Data provided section start
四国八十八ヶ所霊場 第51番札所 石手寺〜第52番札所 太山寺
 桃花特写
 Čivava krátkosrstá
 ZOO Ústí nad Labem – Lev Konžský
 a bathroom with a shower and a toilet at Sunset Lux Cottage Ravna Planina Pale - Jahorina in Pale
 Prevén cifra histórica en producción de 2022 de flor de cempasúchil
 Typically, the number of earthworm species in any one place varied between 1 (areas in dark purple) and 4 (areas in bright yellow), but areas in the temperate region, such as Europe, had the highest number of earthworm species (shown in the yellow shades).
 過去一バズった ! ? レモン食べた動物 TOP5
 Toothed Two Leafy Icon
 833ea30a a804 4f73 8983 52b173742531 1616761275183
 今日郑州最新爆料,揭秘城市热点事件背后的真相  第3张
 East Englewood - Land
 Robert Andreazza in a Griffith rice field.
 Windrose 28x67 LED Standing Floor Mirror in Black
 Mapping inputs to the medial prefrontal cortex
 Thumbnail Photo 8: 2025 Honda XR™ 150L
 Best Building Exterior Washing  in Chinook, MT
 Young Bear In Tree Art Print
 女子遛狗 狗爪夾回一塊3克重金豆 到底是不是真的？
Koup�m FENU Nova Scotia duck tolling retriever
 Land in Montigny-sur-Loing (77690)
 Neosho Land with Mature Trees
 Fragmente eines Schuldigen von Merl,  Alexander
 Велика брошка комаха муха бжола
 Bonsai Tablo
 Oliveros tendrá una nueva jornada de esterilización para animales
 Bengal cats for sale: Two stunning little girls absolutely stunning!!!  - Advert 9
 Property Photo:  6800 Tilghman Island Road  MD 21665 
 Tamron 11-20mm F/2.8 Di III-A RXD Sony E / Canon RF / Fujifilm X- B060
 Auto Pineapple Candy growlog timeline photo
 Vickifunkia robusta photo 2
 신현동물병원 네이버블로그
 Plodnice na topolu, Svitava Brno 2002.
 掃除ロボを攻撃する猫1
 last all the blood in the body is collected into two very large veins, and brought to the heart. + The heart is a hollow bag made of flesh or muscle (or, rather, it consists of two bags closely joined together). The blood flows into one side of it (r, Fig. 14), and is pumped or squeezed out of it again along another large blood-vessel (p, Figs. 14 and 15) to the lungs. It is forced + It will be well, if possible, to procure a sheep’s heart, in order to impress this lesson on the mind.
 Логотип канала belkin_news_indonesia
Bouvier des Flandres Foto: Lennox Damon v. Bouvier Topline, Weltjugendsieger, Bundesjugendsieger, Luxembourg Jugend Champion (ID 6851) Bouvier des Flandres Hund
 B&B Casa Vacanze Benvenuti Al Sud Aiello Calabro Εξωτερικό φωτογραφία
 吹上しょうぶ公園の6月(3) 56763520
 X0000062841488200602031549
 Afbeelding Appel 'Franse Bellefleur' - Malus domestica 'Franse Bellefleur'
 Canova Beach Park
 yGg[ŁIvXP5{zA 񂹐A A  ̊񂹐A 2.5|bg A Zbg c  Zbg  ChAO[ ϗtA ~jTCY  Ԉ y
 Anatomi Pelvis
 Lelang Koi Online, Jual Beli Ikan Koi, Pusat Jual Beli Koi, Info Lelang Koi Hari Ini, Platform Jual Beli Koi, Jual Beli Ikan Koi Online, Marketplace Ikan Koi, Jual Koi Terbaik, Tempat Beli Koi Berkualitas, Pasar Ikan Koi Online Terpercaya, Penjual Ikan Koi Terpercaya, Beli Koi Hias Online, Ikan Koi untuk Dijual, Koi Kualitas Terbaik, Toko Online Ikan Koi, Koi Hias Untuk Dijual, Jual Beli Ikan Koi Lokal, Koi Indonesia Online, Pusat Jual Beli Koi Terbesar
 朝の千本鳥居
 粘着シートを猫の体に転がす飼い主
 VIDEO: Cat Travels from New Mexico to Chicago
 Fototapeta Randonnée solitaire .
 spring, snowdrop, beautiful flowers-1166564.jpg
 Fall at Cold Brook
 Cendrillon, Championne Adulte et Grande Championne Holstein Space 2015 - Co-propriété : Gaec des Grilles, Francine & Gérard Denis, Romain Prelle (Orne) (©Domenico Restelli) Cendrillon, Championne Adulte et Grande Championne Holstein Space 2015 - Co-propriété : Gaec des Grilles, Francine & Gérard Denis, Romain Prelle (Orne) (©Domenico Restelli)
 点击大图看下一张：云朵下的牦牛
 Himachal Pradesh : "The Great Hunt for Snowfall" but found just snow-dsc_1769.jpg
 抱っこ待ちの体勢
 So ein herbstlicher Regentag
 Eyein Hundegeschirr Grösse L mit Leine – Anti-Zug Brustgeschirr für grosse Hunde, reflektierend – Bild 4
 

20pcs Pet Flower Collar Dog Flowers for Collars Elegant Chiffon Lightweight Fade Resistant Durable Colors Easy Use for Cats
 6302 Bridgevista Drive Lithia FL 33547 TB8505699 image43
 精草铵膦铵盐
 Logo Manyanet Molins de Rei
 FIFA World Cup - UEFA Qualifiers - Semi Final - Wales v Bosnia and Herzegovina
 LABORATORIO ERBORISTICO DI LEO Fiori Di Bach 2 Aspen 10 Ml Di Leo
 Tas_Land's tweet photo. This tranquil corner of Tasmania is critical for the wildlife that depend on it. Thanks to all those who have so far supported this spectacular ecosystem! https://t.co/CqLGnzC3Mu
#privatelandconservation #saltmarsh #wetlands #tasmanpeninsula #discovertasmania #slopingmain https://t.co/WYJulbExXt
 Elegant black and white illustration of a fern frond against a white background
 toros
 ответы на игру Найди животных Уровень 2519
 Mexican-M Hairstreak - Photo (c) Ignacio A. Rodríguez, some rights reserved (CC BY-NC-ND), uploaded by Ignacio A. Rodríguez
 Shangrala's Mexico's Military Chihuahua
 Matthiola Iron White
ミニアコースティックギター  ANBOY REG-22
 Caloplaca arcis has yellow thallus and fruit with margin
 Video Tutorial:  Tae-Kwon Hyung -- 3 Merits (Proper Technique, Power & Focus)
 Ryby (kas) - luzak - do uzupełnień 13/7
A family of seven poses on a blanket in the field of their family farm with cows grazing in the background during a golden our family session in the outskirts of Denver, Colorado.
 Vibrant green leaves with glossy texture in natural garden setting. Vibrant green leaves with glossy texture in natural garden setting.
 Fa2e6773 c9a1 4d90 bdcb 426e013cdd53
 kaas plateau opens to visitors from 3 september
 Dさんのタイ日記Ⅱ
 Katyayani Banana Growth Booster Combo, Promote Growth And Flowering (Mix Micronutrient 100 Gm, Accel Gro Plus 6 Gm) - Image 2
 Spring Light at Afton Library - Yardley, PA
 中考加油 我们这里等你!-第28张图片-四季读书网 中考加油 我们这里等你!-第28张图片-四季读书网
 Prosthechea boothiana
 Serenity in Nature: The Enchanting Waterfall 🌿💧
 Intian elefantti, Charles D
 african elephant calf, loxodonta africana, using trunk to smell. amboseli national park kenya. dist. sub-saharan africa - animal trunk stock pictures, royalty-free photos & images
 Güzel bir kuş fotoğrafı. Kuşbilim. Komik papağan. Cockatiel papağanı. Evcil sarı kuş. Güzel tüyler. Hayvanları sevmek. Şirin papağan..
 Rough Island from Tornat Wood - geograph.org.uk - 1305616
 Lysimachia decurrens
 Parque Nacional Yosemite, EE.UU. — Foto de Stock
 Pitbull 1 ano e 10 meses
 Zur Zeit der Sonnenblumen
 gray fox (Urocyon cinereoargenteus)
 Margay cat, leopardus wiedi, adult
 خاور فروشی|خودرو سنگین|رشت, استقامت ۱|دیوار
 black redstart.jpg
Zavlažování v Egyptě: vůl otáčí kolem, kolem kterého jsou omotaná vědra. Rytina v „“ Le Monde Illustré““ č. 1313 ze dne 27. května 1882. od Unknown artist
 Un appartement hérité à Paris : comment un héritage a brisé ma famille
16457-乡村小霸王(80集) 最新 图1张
Data provided section end
### Problem details:
Everything from the line containing "black redstart.jpg" through the last line of the listing must be reproduced exactly, and no other line.

### Task solution:
 black redstart.jpg
Zavlažování v Egyptě: vůl otáčí kolem, kolem kterého jsou omotaná vědra. Rytina v „“ Le Monde Illustré““ č. 1313 ze dne 27. května 1882. od Unknown artist
 Un appartement hérité à Paris : comment un héritage a brisé ma famille
16457-乡村小霸王(80集) 最新 图1张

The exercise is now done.